• **EXERCISE DIRECTIONS**:
Please repeat each line of the data exactly, with nothing left out.

Top of SUPPLIED RECORDS

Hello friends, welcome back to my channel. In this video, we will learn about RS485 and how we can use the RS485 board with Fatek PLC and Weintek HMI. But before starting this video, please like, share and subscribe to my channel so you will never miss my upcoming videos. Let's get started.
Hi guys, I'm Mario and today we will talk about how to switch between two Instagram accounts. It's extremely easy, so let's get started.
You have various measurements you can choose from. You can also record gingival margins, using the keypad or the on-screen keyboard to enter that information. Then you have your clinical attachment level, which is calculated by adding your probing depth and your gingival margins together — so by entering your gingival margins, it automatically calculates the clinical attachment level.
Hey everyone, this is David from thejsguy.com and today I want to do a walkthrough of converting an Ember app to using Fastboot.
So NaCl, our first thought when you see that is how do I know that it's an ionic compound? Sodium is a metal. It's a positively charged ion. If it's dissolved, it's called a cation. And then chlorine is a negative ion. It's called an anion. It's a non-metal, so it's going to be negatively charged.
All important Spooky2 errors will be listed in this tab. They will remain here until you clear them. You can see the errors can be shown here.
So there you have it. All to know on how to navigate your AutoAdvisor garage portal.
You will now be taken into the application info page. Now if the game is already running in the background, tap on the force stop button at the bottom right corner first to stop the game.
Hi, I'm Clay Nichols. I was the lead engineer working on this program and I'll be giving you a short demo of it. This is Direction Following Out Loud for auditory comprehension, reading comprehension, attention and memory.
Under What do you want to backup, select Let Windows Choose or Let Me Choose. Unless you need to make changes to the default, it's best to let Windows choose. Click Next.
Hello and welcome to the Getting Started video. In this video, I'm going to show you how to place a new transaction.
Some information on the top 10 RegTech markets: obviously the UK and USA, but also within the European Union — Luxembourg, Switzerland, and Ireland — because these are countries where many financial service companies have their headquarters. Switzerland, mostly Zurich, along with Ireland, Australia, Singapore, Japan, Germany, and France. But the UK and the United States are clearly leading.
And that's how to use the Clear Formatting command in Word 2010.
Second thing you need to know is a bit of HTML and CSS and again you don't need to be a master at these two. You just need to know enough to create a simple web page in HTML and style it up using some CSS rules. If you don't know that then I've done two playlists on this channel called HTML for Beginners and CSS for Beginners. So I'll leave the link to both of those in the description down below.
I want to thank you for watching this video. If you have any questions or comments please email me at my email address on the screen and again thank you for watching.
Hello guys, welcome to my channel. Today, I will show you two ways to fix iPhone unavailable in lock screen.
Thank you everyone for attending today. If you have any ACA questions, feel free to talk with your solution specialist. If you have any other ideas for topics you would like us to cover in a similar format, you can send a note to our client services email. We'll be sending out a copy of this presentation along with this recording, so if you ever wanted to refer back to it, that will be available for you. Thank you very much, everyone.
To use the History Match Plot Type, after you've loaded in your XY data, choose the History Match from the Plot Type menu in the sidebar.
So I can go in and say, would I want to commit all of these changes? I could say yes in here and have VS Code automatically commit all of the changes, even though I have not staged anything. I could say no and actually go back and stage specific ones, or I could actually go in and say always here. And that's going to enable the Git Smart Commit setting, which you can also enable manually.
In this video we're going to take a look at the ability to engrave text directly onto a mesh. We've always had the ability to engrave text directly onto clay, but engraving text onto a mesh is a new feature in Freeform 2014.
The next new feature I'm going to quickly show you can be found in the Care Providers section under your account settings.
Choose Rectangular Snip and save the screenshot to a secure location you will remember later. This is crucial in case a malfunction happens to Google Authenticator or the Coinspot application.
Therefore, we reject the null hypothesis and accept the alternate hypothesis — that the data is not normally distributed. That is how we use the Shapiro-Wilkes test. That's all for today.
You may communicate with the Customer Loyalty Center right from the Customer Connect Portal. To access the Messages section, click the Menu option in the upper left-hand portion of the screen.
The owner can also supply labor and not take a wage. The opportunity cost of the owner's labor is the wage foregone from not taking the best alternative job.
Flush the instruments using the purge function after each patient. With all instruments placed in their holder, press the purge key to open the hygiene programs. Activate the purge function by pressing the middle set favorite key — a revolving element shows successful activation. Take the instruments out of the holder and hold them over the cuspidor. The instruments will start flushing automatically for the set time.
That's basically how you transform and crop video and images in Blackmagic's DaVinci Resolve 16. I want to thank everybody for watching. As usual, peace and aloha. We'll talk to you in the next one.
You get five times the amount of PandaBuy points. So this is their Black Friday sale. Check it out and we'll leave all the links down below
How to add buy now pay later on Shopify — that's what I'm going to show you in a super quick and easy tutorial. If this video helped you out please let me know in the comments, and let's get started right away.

Bottom of SUPPLIED RECORDS

• **ANSWER SPACE**:
Hello friends, welcome back to my channel. In this video, we will learn about RS485 and how we can use the RS485 board with Fatek PLC and Weintek HMI. But before starting this video, please like, share and subscribe to my channel so you will never miss my upcoming videos. Let's get started.
Hi guys, I'm Mario and today we will talk about how to switch between two Instagram accounts. It's extremely easy, so let's get started.
You have various measurements you can choose from. You can also record gingival margins, using the keypad or the on-screen keyboard to enter that information. Then you have your clinical attachment level, which is calculated by adding your probing depth and your gingival margins together — so by entering your gingival margins, it automatically calculates the clinical attachment level.
Hey everyone, this is David from thejsguy.com and today I want to do a walkthrough of converting an Ember app to using Fastboot.
So NaCl, our first thought when you see that is how do I know that it's an ionic compound? Sodium is a metal. It's a positively charged ion. If it's dissolved, it's called a cation. And then chlorine is a negative ion. It's called an anion. It's a non-metal, so it's going to be negatively charged.
All important Spooky2 errors will be listed in this tab. They will remain here until you clear them. You can see the errors can be shown here.
So there you have it. All to know on how to navigate your AutoAdvisor garage portal.
You will now be taken into the application info page. Now if the game is already running in the background, tap on the force stop button at the bottom right corner first to stop the game.
Hi, I'm Clay Nichols. I was the lead engineer working on this program and I'll be giving you a short demo of it. This is Direction Following Out Loud for auditory comprehension, reading comprehension, attention and memory.
Under What do you want to backup, select Let Windows Choose or Let Me Choose. Unless you need to make changes to the default, it's best to let Windows choose. Click Next.
Hello and welcome to the Getting Started video. In this video, I'm going to show you how to place a new transaction.
Some information on the top 10 RegTech markets: obviously the UK and USA, but also within the European Union — Luxembourg, Switzerland, and Ireland — because these are countries where many financial service companies have their headquarters. Switzerland, mostly Zurich, along with Ireland, Australia, Singapore, Japan, Germany, and France. But the UK and the United States are clearly leading.
And that's how to use the Clear Formatting command in Word 2010.
Second thing you need to know is a bit of HTML and CSS and again you don't need to be a master at these two. You just need to know enough to create a simple web page in HTML and style it up using some CSS rules. If you don't know that then I've done two playlists on this channel called HTML for Beginners and CSS for Beginners. So I'll leave the link to both of those in the description down below.
I want to thank you for watching this video. If you have any questions or comments please email me at my email address on the screen and again thank you for watching.
Hello guys, welcome to my channel. Today, I will show you two ways to fix iPhone unavailable in lock screen.
Thank you everyone for attending today. If you have any ACA questions, feel free to talk with your solution specialist. If you have any other ideas for topics you would like us to cover in a similar format, you can send a note to our client services email. We'll be sending out a copy of this presentation along with this recording, so if you ever wanted to refer back to it, that will be available for you. Thank you very much, everyone.
To use the History Match Plot Type, after you've loaded in your XY data, choose the History Match from the Plot Type menu in the sidebar.
So I can go in and say, would I want to commit all of these changes? I could say yes in here and have VS Code automatically commit all of the changes, even though I have not staged anything. I could say no and actually go back and stage specific ones, or I could actually go in and say always here. And that's going to enable the Git Smart Commit setting, which you can also enable manually.
In this video we're going to take a look at the ability to engrave text directly onto a mesh. We've always had the ability to engrave text directly onto clay, but engraving text onto a mesh is a new feature in Freeform 2014.
The next new feature I'm going to quickly show you can be found in the Care Providers section under your account settings.
Choose Rectangular Snip and save the screenshot to a secure location you will remember later. This is crucial in case a malfunction happens to Google Authenticator or the Coinspot application.
Therefore, we reject the null hypothesis and accept the alternate hypothesis — that the data is not normally distributed. That is how we use the Shapiro-Wilkes test. That's all for today.
You may communicate with the Customer Loyalty Center right from the Customer Connect Portal. To access the Messages section, click the Menu option in the upper left-hand portion of the screen.
The owner can also supply labor and not take a wage. The opportunity cost of the owner's labor is the wage foregone from not taking the best alternative job.
Flush the instruments using the purge function after each patient. With all instruments placed in their holder, press the purge key to open the hygiene programs. Activate the purge function by pressing the middle set favorite key — a revolving element shows successful activation. Take the instruments out of the holder and hold them over the cuspidor. The instruments will start flushing automatically for the set time.
That's basically how you transform and crop video and images in Blackmagic's DaVinci Resolve 16. I want to thank everybody for watching. As usual, peace and aloha. We'll talk to you in the next one.
You get five times the amount of PandaBuy points. So this is their Black Friday sale. Check it out and we'll leave all the links down below
How to add buy now pay later on Shopify — that's what I'm going to show you in a super quick and easy tutorial. If this video helped you out please let me know in the comments, and let's get started right away.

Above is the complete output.